2. Gilak Deng Baris Gede

Cyclical gamelan melodies supported by a repeated gong cycle of 8 beats' duration, where the gongs sound the pattern…GP.PG (G = large suspended gong; P = medium gong), are known as gilak. The pervasive mood of the gilak form is one of ceremony, and it provides a structural basis for much that accompanies temple and cremation rites.
The gilak in today's recital is characterized by a 24-beat melody, spanning thee 8-beat gong cycles, which begins on the third note (deng) of the Balinese pelog scale - hence the name, Gilak Deng. The words 'Baris Gede', which complete the title, indicate that the melody of this particular gilak has been borrowed from the sacred dance, Baris Gede, in which rows (baris) of men dressed as warriors dance in the temple courtyard bearing long lances. This music, unlike most played at temple ceremonies, is not performed as an offering to ancestral deities, but rather to appease demonic underworld forces forever on the lookout for an opportunity to wreak havoc in the human realm.
3. Tari Panyembrama
This secular welcome dance (tari means 'dance') derives from a much older sacred dance called pendet, still danced in temples today by groups of women during odalan (temple anniversary rites).

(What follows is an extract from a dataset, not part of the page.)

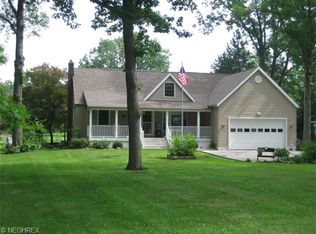 130 W Howe Rd, Tallmadge, OH 44278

The purpose of pendet is to welcome ancestral deities recently descended from their heavenly abode to inhabit temple shrines for the duration of an odalan. Tair Panyembrama, as a secular counterpart to pendet, serves as a welcome not for deities, but for guests at weddings and public receptions, and also welcomes tourists to Bali at hotel performances.

4. Gambangan

Created in 1926 by renowned Kuta musician, I Wayan Lotring, Gambangan is a secular instrumental work for gamelan pelegongan, a smaller, sweeter ensemble than gamelan gong kebyar used primarily to accompany the traditional legon dance, from which the ensemble gets its name.
The title, Gambangan, which means' in the manner of gambang, alludes firstly to the fact that the principal melody of this piece incorporates a direct quotation from a work in the repertoire of gamelan gambang (a ritual form of gamelan played only during cremation and odalan rites) and, secondly, to the complex interlocking figuration played on gangsa (10-keyed metallophones), which mimics similar figuration executed on the instruments of the gamelan gambang ensemble.


5. Gambang

Created in the 1930s, Gambang is a one-movement instrumental work frequently used to bridge a lull in proceedings at official functions, for example when waiting for important guests to arrive. The cyclical form of this work lends itself perfectly to such a context, as it may be repeated continuously for as long as required.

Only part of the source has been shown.